InfoMedia Inc.

What Are GROVEs ?

An ISO/IEC standard (Annex A.4 of ISO/IEC 10744:1997, HyTime).
A generic, implementation-independent data model for representing data of any type.
A mechanism for enabling reliable, robust addressing of data regardless of syntax or format.
A data abstraction layer that can be used to unify disparate data systems.

Benefits:

Application Development

Provides a common data model and API for data access.
Allows hyperlinking systems to meaningfully mix and match data from different sources to create new results.

How GROVEs Work:

The basic idea underlying GROVEs is that notations like XML and SGML exist only as a syntax for some underlying data model.

GROVEs are usually, but not always, tied to particular media types ("notations"). So GROVEs for CGM documents would look fairly different from groves for XML documents. The terminology and semantics of these two specifications are quite different, so you would expect their APIs and query languages to also be fairly different. The GROVE model is designed to allow them to be exactly as different as they need to be, and no more! What that means is that the basic concepts are the same, but that every media type ("notation") defines its own vocabulary of "properties" in terms of the basic concepts underlying the notation. We call these vocabularies "property sets." In a GROVE-based view of the world, an XML document is a collection of hundreds of properties, all drawn from the XML property set. This is analogous to the way that a valid XML document is a collection of element types, all drawn from some DTD.

All properties are held in containers called nodes. Nodes represent everything in an XML document: elements, attributes, every significant character, all insignificant whitespace, etc. GROVEs are so complete that given a complete implementation, HyTime can make a hypertext link to the keyword "#REQUIRED" in an attribute list declaration and XSL stylesheets can (in theory) vary their formatting on the amount of whitespace between attribute values in a start-tag. Of course nobody is likely to go that far, but the point is that all of that information is available and addressable. For someone creating (for example) an XML editing or maintenance system, these issues could be important. Consider the case where the only difference between a checked-in document and the version in the archive is insignificant whitespace. A smart repository might choose not to increment the version number.

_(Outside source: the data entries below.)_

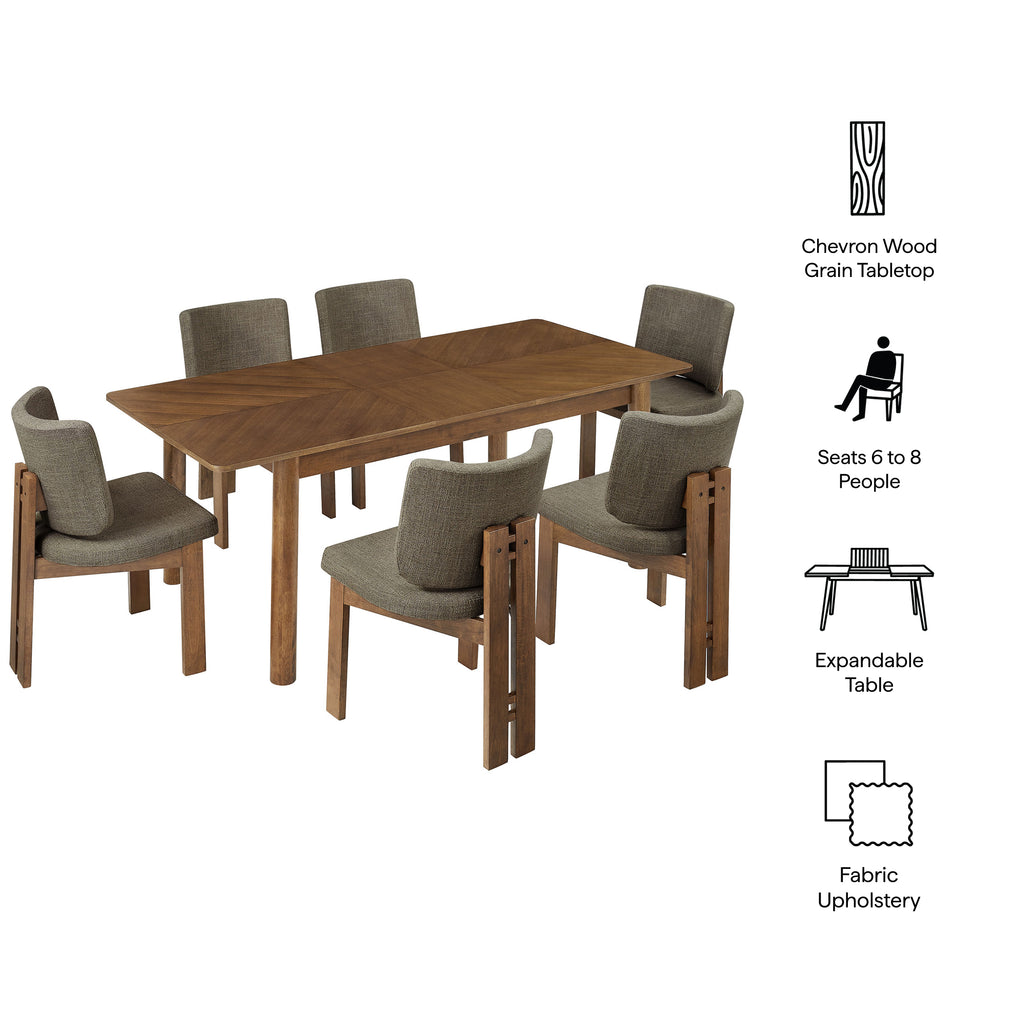 Alba 7-Piece Dining Set - Walnut Taupe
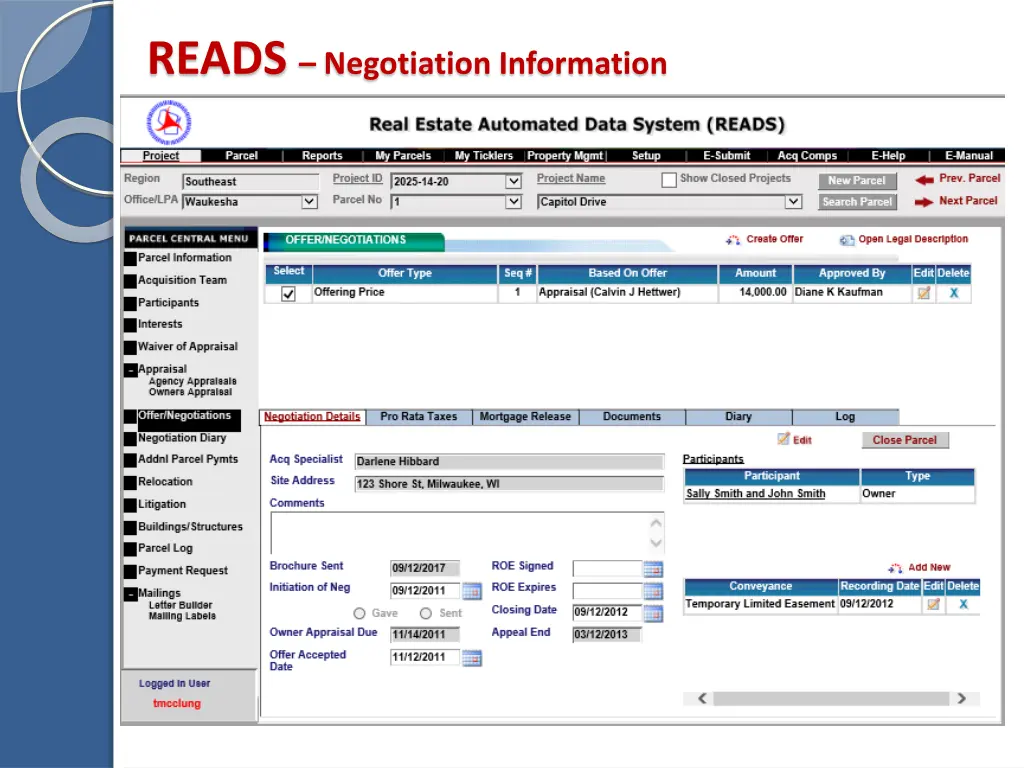 reads negotiation information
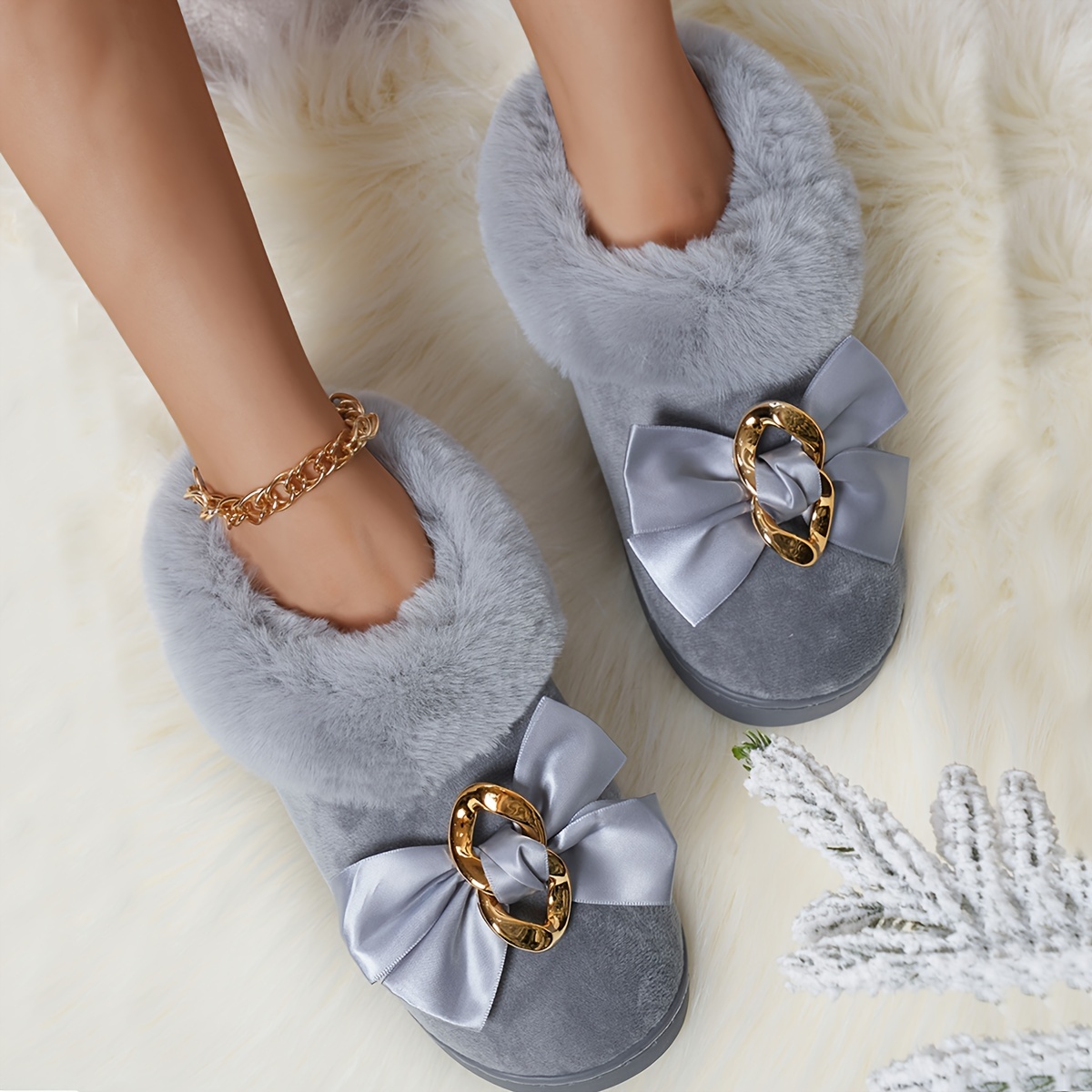 

2024 New Fashionable Women's Snow Boots With Bowknot, Winter Velvet Thickened Warm Short Toe Slipper, Women's Home Shoes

System designers can ask a grove builder to trim nodes that they do not need from the grove using a "GROVE plan". This means that your applications do not need to keep track of all of that information if you are not using it. Limited GROVE builders can describe their capabilities in terms of GROVE plans. Two products that claim to support the same grove plan should build identical groves for a particular document.

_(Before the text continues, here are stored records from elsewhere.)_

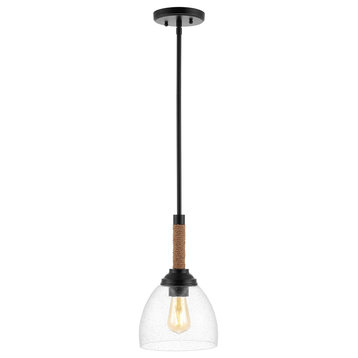 Alys 7.63" Adjustable Rope-Wrap Modern Iron LED Pendant, Black by JONATHAN  Y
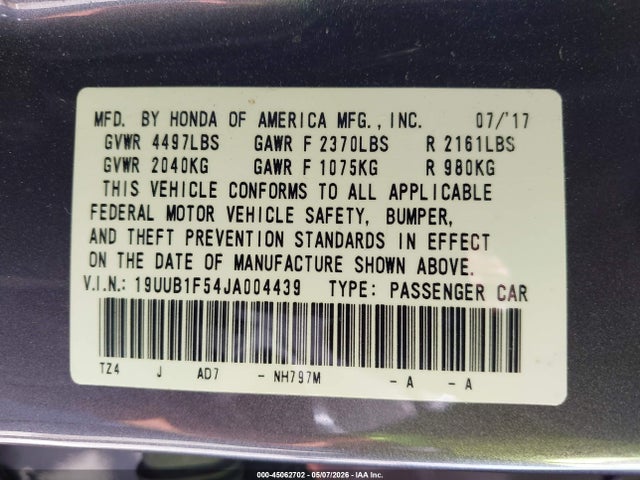 2018 Acura Tlx Tech Pkg მანქანა იყიდება აუქციონზე, vin: 19UUB1F54JA004439, აუქციონის ნომერი: 45062702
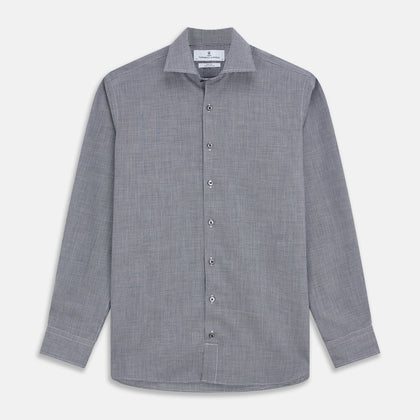Navy Houndstooth Wool Tailored Fit Shelton Shirt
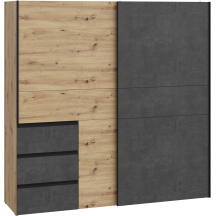 Szafa przesuwna 2-drzwiowa 200 cm W2QS323E71-C752 Dąb Artisan / Beton Ciemnoszary WINN 2 Podstawowe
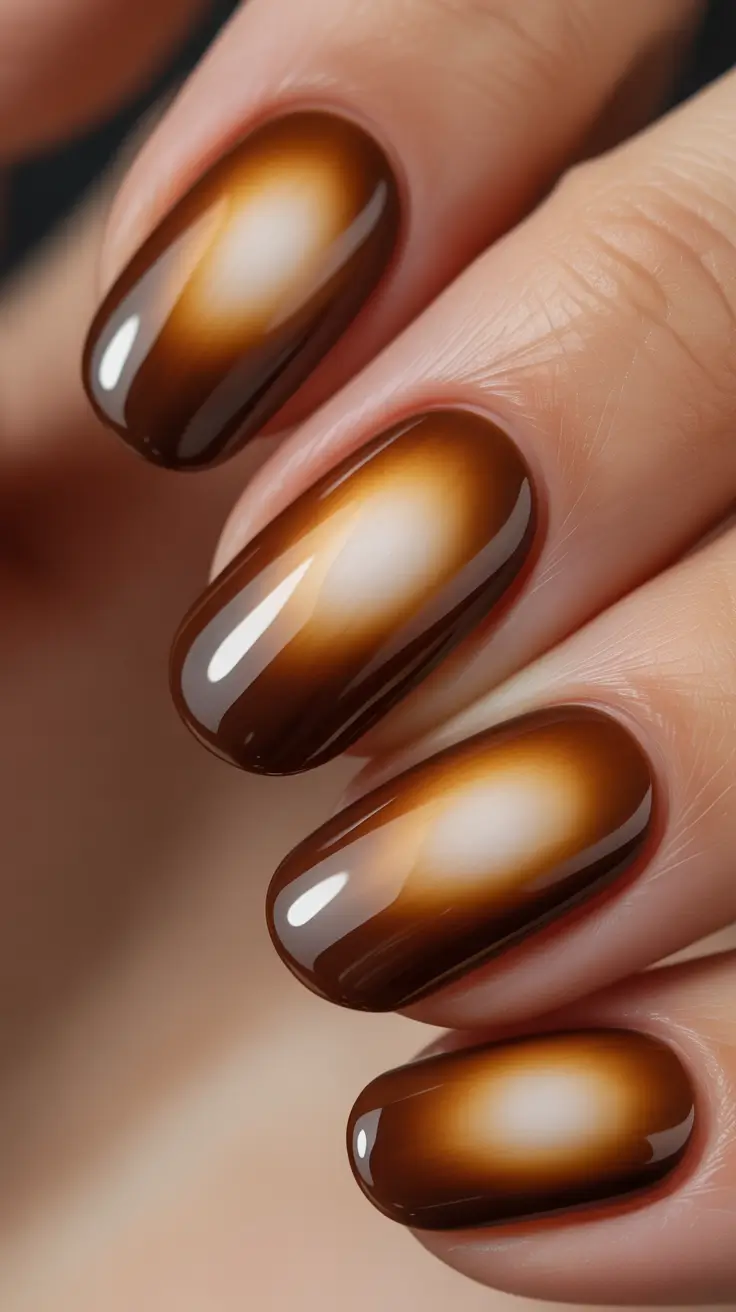 aura nails Golden Brown Aura With a Sunlit Core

Property sets are defined in documents that conform to the "propset" DTD. You can think of these documents as simple schemas for property sets. They can specify that particular properties must contain particular types of values (integers, strings, nodes, lists of nodes). They can specify that some properties are so-called "sub-nodal" properties, which means that in the logical tree, the node with the property logically "owns" the node that is the value of the property. For example, elements in the SGML property set have a "subnodal" property called "attributes." This means that elements "own" attributes.